What I do remember is they received considerable backlash for being mean to me. Gossip in either direction was something I had not to let bother me, period. I do not respond in kind to mean people unless they seriously push me to be mean like one roommate I had done. She made me say something mean to her that hurt her feelings. I was refusing to repeat her behavior back to her, though. I don’t like returning aggression although I have learned since this experienced that it is necessary sometimes, to respond in kind.


So the roommates spread vile gossip about me, made for a very hostile living situation, and in general, made me crazy. I learned to be hostile to them back because, like my mother, they wanted to pick on me. All drank too much for their own good. My immediate roommate was a meth head. I witnessed her snorting the drugs a few times. The other roommate was a pre-diabetic who made herself cakes rather than taking good care of herself. Now, she was a good baker, I had a piece of her cake, but that sent my blood sugar soaring because of Zyprexa.

Mental Health

Back then, I didn’t have a mental health diagnosis because of Zod (my family). So in which case, I didn’t know what to tell people. I didn’t get a proper schizophrenia diagnosis until I was 29-30 years old. Acceptance and Commitment Therapy was something I got from 2006-2009 from my therapist. I had a transpersonal therapist who was very good at what she does. In school, gossip went around about things that weren’t truly such as my supposed mental retardation. This was one lie they found out that my parents had done to me.

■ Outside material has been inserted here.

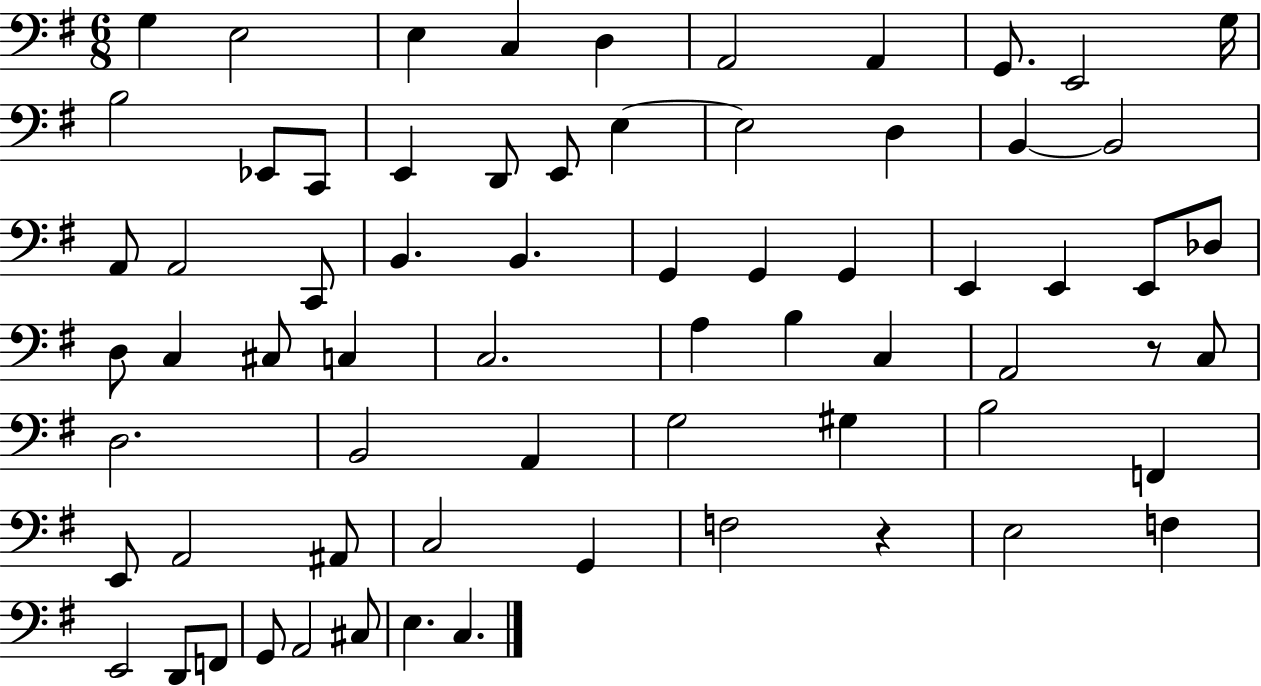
G3/q E3/h E3/q C3/q D3/q A2/h A2/q G2/e. E2/h G3/s B3/h Eb2/e C2/e E2/q D2/e E2/e E3/q E3/h D3/q B2/q B2/h A2/e A2/h C2/e B2/q. B2/q. G2/q G2/q G2/q E2/q E2/q E2/e Db3/e D3/e C3/q C#3/e C3/q C3/h. A3/q B3/q C3/q A2/h R/e C3/e D3/h. B2/h A2/q G3/h G#3/q B3/h F2/q E2/e A2/h A#2/e C3/h G2/q F3/h R/q E3/h F3/q E2/h D2/e F2/e G2/e A2/h C#3/e E3/q. C3/q.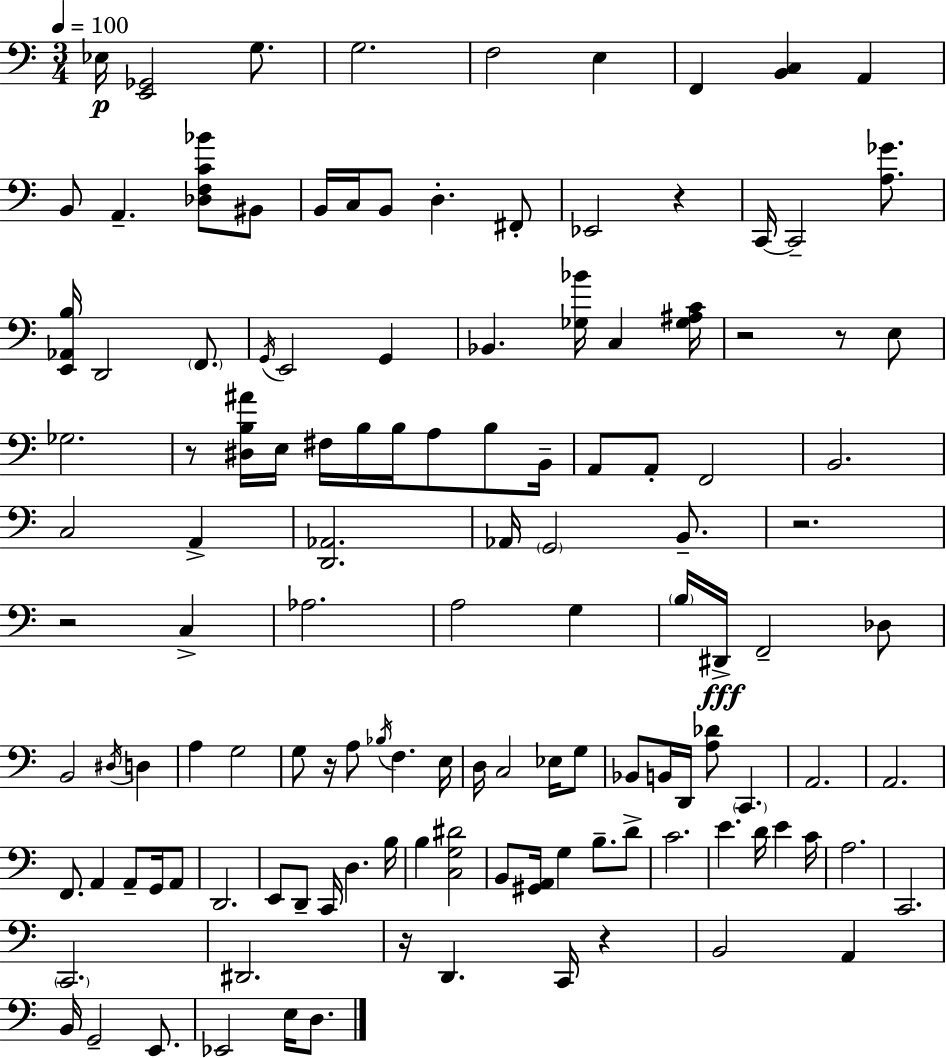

The roommates thought it only funny. What happened to change my situation was that a classmate said she had only three roommates. I pressured the school to let me move in with a graduate student who would only be more mature than all my roommates put together in the old house. My roommate, who wanted me to be safe, went so far as to talk to the school. My other roommates were pushing me around, making me feel dreadfully unsafe.

Eventually, I found another set of roommates, but I noticed our neighbors were bullies too. Back then, I saw a bully around every street corner. I was right about one neighbor who harassed me until I moved back home for the summer. I now know I have schizoaffective, and I’m a solid bipolar 1. I also have OCD, which I practically diagnosed myself with. These days I’m at peace and feel okay with telling people my diagnosis.